(WHAT TO DO) Two lines in the data below mark the range: the one with "Dark Grey Solid" and the one with "Avio Bed Frame". Return both, along with every line between them, exactly.

Extracted data entries:

******************************

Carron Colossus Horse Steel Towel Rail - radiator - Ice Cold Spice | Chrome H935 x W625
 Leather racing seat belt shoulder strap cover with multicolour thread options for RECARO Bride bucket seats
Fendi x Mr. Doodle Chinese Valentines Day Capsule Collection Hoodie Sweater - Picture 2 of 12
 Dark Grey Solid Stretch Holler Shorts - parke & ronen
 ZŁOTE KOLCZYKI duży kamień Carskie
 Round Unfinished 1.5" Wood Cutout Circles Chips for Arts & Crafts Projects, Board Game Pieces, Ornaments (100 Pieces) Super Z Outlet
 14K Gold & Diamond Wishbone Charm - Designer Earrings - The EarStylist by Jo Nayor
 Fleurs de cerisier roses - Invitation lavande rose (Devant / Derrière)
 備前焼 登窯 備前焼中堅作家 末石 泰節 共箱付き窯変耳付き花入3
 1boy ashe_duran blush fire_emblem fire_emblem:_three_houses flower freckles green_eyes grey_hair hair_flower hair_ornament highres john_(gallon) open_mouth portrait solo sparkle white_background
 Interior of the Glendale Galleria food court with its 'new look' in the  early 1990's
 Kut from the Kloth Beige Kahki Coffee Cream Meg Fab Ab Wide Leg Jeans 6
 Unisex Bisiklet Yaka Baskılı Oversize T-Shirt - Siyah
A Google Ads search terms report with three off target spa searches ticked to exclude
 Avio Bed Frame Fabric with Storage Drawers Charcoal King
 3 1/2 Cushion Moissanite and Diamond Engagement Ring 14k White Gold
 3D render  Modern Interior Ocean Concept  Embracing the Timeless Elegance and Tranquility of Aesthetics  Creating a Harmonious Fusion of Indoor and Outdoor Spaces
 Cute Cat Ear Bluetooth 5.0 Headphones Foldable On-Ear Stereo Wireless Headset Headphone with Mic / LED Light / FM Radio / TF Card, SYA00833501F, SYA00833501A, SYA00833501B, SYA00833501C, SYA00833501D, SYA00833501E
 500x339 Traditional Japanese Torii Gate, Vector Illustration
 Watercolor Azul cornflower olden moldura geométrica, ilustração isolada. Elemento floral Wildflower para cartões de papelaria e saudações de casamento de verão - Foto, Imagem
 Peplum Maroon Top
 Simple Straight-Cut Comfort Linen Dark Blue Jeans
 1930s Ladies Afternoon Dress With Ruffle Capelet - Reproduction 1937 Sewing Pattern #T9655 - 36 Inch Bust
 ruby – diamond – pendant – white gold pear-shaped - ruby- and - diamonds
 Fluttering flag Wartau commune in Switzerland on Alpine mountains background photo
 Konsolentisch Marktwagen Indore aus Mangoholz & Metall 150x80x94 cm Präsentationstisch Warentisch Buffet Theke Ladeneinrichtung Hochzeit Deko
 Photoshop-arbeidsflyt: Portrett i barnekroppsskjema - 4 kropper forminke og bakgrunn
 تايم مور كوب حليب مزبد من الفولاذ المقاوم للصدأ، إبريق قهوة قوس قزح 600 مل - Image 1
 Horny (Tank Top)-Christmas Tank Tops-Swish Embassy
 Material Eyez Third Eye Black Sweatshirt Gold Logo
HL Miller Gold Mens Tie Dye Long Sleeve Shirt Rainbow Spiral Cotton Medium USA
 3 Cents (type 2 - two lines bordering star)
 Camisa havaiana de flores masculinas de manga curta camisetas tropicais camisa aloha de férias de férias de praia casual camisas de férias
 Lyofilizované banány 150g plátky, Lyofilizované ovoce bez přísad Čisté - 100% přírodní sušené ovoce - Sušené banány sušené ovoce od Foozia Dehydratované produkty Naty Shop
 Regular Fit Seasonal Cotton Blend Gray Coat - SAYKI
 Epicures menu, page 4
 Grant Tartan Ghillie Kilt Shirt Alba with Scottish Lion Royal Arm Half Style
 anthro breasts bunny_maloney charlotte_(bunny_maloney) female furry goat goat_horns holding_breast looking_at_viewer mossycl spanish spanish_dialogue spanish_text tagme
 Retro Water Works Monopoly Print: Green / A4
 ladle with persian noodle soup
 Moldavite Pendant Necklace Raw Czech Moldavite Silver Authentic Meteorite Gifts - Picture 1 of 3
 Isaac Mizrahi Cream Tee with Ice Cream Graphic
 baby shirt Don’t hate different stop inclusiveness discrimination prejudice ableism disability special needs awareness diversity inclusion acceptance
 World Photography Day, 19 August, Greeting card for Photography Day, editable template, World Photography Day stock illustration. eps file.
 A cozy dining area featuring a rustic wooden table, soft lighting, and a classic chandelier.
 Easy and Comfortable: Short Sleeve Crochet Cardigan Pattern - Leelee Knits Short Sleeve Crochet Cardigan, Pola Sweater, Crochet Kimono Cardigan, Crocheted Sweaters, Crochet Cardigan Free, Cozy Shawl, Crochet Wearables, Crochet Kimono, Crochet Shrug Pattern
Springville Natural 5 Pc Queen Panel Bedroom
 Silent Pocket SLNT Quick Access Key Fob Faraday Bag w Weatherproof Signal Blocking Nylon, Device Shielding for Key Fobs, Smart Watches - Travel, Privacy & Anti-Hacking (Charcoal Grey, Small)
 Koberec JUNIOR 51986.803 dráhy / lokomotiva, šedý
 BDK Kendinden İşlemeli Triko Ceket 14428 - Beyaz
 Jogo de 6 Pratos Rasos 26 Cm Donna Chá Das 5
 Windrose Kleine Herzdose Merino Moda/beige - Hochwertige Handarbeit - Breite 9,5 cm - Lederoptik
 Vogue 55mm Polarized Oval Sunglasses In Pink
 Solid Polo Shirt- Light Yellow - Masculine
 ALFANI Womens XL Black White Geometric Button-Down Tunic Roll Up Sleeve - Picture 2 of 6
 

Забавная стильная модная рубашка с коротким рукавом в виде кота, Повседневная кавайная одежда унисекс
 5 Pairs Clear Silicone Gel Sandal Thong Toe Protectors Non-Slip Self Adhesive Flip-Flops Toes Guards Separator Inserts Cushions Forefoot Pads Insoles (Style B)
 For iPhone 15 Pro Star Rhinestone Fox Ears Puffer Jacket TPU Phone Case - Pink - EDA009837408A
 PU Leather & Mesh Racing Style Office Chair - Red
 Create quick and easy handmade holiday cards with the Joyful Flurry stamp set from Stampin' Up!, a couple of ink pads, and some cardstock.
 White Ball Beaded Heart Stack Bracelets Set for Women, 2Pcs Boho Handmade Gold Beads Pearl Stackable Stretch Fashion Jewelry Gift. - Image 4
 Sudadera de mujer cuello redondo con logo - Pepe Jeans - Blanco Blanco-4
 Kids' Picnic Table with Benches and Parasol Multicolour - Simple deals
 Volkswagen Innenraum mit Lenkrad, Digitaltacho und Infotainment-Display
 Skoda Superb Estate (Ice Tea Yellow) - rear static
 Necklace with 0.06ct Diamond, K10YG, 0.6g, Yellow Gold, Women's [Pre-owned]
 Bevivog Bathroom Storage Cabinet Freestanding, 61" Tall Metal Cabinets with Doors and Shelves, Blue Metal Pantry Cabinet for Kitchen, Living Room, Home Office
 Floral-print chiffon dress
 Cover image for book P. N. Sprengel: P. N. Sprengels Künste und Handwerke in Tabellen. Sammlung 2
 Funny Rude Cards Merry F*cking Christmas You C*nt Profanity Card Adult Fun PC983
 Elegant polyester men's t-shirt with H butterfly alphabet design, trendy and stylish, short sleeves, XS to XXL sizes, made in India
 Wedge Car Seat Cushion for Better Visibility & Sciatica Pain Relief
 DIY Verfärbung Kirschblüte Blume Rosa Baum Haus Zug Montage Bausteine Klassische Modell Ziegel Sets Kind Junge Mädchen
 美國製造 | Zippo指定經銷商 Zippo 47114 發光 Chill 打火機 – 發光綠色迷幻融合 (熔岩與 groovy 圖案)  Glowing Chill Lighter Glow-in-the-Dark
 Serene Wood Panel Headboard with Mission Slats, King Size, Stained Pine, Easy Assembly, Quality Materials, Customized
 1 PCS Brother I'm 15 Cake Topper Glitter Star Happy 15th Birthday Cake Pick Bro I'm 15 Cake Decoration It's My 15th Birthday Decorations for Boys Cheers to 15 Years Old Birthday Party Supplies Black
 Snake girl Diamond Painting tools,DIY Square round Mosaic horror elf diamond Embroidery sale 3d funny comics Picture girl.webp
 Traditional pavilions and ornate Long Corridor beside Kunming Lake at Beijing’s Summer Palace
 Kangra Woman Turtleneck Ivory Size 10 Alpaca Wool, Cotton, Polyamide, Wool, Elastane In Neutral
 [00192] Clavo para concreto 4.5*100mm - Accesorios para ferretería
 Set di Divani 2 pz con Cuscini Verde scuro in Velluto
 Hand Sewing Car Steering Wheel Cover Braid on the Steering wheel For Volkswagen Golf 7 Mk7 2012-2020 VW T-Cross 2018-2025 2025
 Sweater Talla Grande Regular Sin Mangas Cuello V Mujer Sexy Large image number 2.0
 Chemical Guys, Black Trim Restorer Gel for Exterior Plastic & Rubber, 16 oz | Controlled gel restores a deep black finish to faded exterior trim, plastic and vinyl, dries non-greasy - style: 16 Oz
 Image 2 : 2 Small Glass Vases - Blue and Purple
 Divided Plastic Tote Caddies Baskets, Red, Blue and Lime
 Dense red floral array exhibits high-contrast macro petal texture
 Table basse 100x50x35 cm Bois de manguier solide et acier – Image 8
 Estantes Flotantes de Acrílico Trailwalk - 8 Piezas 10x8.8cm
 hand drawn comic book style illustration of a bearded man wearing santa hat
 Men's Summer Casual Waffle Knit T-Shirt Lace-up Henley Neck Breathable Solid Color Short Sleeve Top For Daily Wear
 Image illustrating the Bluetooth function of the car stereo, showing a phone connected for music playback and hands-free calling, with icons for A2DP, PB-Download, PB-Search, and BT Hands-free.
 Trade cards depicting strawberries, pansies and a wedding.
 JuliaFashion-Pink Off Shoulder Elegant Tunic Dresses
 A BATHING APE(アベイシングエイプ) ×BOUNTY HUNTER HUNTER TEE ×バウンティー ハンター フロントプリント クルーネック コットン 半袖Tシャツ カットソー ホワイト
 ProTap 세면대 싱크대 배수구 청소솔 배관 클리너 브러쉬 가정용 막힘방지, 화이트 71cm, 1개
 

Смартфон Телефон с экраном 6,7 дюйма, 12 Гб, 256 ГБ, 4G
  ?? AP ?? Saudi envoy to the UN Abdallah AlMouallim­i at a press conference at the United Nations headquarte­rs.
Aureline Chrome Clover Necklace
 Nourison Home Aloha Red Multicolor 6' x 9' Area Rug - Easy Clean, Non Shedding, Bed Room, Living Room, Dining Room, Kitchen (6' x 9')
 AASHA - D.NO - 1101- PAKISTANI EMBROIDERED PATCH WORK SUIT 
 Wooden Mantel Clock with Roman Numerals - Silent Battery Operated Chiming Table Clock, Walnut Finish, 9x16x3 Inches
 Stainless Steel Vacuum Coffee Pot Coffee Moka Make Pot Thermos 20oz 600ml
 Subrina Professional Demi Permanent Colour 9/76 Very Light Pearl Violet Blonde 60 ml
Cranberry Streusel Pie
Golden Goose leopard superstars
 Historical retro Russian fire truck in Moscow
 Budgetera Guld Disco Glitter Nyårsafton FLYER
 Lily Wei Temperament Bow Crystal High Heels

******************************

(YOUR SOLUTION)
 Dark Grey Solid Stretch Holler Shorts - parke & ronen
 ZŁOTE KOLCZYKI duży kamień Carskie
 Round Unfinished 1.5" Wood Cutout Circles Chips for Arts & Crafts Projects, Board Game Pieces, Ornaments (100 Pieces) Super Z Outlet
 14K Gold & Diamond Wishbone Charm - Designer Earrings - The EarStylist by Jo Nayor
 Fleurs de cerisier roses - Invitation lavande rose (Devant / Derrière)
 備前焼 登窯 備前焼中堅作家 末石 泰節 共箱付き窯変耳付き花入3
 1boy ashe_duran blush fire_emblem fire_emblem:_three_houses flower freckles green_eyes grey_hair hair_flower hair_ornament highres john_(gallon) open_mouth portrait solo sparkle white_background
 Interior of the Glendale Galleria food court with its 'new look' in the  early 1990's
 Kut from the Kloth Beige Kahki Coffee Cream Meg Fab Ab Wide Leg Jeans 6
 Unisex Bisiklet Yaka Baskılı Oversize T-Shirt - Siyah
A Google Ads search terms report with three off target spa searches ticked to exclude
 Avio Bed Frame Fabric with Storage Drawers Charcoal King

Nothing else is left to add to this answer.